Stored data Start Marker
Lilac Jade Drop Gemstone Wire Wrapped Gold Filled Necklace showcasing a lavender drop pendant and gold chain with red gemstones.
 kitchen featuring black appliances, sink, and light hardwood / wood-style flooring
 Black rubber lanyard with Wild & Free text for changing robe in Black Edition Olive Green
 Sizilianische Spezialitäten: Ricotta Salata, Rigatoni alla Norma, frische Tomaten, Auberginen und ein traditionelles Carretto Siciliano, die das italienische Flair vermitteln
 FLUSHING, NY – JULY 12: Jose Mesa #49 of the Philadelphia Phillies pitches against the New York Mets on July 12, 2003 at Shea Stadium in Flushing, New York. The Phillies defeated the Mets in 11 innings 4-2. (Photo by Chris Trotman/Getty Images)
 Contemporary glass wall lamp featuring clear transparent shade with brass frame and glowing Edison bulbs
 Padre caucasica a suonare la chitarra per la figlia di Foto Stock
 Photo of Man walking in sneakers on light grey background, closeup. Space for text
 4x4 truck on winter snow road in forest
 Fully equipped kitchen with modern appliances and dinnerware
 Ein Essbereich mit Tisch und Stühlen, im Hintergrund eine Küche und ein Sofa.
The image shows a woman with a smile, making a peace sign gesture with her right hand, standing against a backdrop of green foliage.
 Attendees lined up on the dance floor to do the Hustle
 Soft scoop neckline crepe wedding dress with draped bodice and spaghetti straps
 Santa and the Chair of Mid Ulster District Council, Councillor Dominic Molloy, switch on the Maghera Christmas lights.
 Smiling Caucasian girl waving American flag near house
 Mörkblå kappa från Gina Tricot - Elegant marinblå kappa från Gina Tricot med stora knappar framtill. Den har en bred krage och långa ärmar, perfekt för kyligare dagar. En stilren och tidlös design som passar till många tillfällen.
Stored data End Marker
Locate and copy each line in the data above that includes the word "text".

### Response to the task:
 Black rubber lanyard with Wild & Free text for changing robe in Black Edition Olive Green
 Photo of Man walking in sneakers on light grey background, closeup. Space for text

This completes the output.